Você abraça a sua geladeira, você agradece a sua geladeira.
Você abre ela e olha.
Ela te dá vida. E você vive esse refresco.
Isso daqui, você se joga pra ela de verdade,
ou, então, você fica de bruços no chão.
Vem aquele vapor gelado, refrescante, cheiro de comida.
Meu amigo,
-isso entra na sua alma. -Parabéns.
Você está romantizando ficar pelado.
Você é o Vinicius de Moraes sem cueca.
Olha só, aplausos pra você, mas não estou te pedindo
pra botar um moletom, não, irmão.
Estou te pedindo pra botar, pelo menos, um short.
E, se possível, não abraçar mais a minha geladeira
-porque eu também uso. -Você não pode pedir isso, cara.
Eu pago 50% do aluguel dessa casa.
É um direito meu eu ficar pelado.
Se eu quiser usar sunga, sunkini, calça, shortinho,
pulseirinha de equilíbrio, você não pode se meter.
Aí, na boa, você é a pior pessoa no mundo pra dividir apê, cara.
Quer saber? Eu estou cansado.
Meu fuso horário está todo bagunçado.
Foda-se. Fica do jeito que você quiser, cara.
-Eu vou pro meu quarto. -Depois a gente conversa, então.

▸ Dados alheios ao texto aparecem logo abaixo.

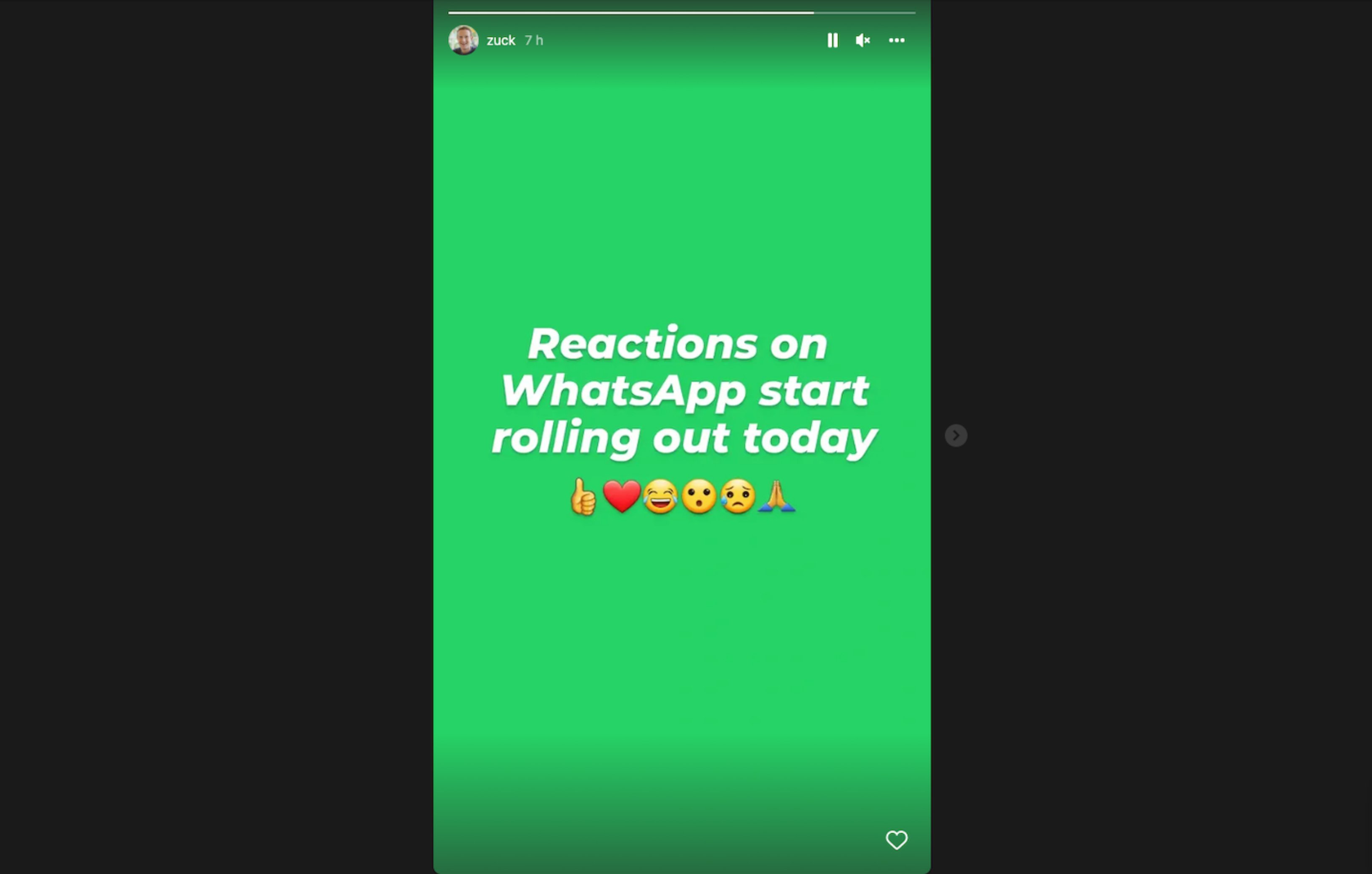 Story de Mark Zuckerberg / Instagram Story de Mark Zuckerberg / Instagram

Está certo? Quer um golinho?
Eu pego um copo d'água da torneira. Obrigado.
Gente, o povo volta estressado da viagem.
Delícia.
Bora que bora.
E aí, meu irmão.
Ainda bem que você falou dessa liberdade.
Coisa maravilhosa. Estou gostando, hein.
Cara, uma vez que vai, não volta mais, não.
Deixa eu te falar. Posso fazer uns exercícios aqui?
-Exercício físico? -É.
Ué, pode, mas peladão desse jeito aí mesmo?
Não, hoje é a minha série de agachamento.
Pra mim, deu.
Eu estou voltando pra casa da minha mãe, viu.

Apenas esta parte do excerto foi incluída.